- [Exercise prompt]
With images excluded, write out each entry below exactly as given.

Content starts

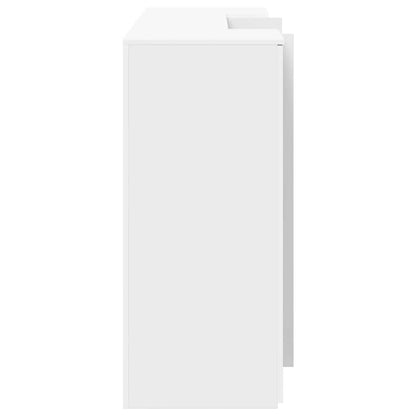 Reception Desk White Engineered wood 78.7x19.7x40.7 in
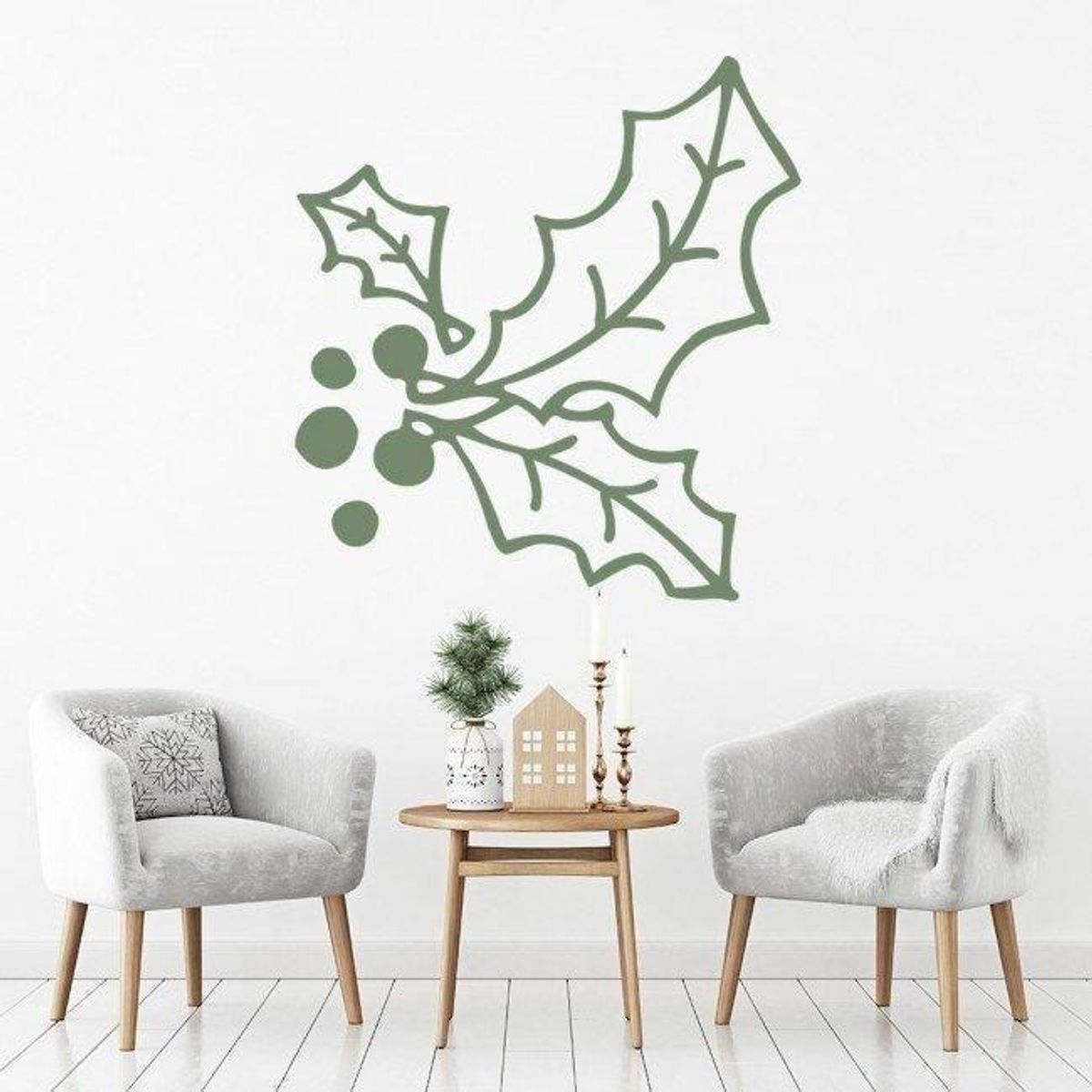 GENERICO - Decomural Xmas Holly Festive Christmas WS-17894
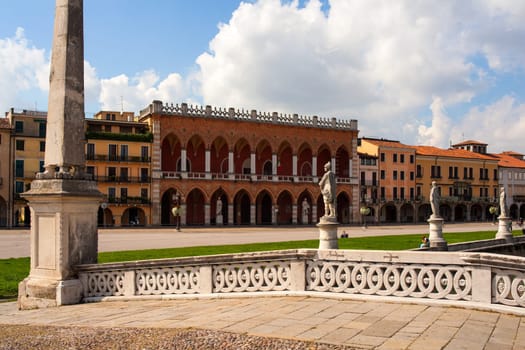 View of Prato della Valle square, Padova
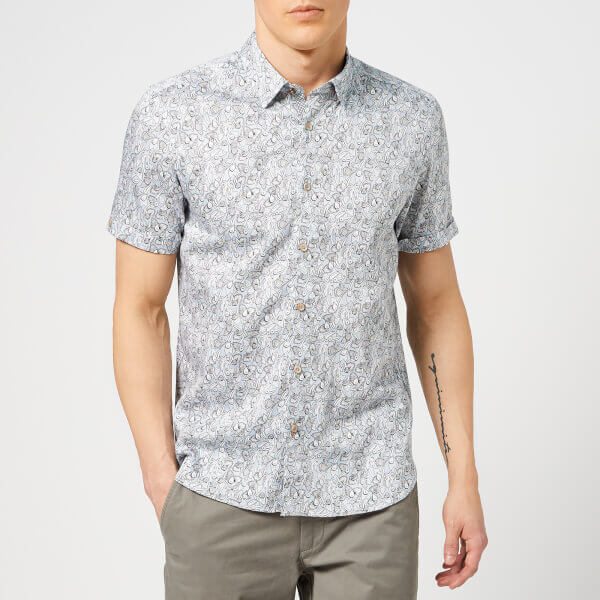 Ted Baker Men's Buffilo Short Sleeve Shirt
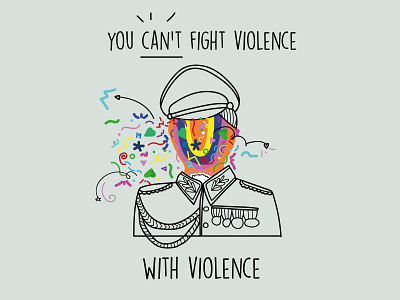 No to violence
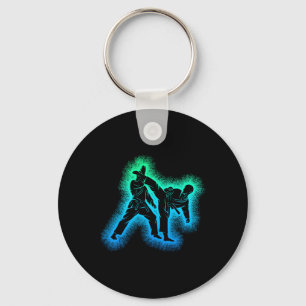 Karate Kickboxing Taekwondo Boys Children Keychain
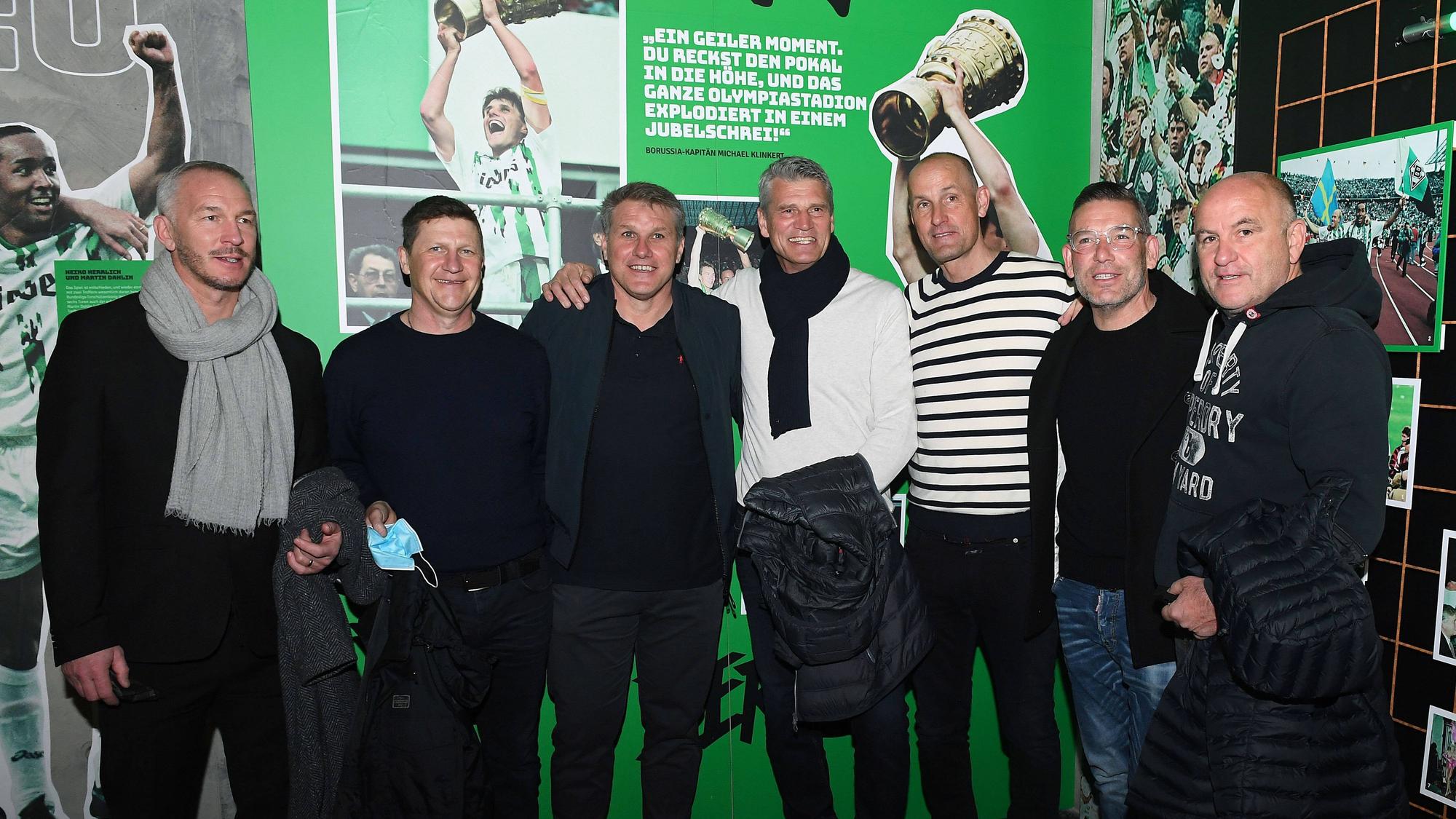 Borussia Mönchengladbachs DFB Pokal-Sieger von 1995 trafen sich im Borussia-Park.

Content ends

- [Result below]
 Reception Desk White Engineered wood 78.7x19.7x40.7 in
 GENERICO - Decomural Xmas Holly Festive Christmas WS-17894
 View of Prato della Valle square, Padova
 Ted Baker Men's Buffilo Short Sleeve Shirt
 No to violence
 Karate Kickboxing Taekwondo Boys Children Keychain
 Borussia Mönchengladbachs DFB Pokal-Sieger von 1995 trafen sich im Borussia-Park.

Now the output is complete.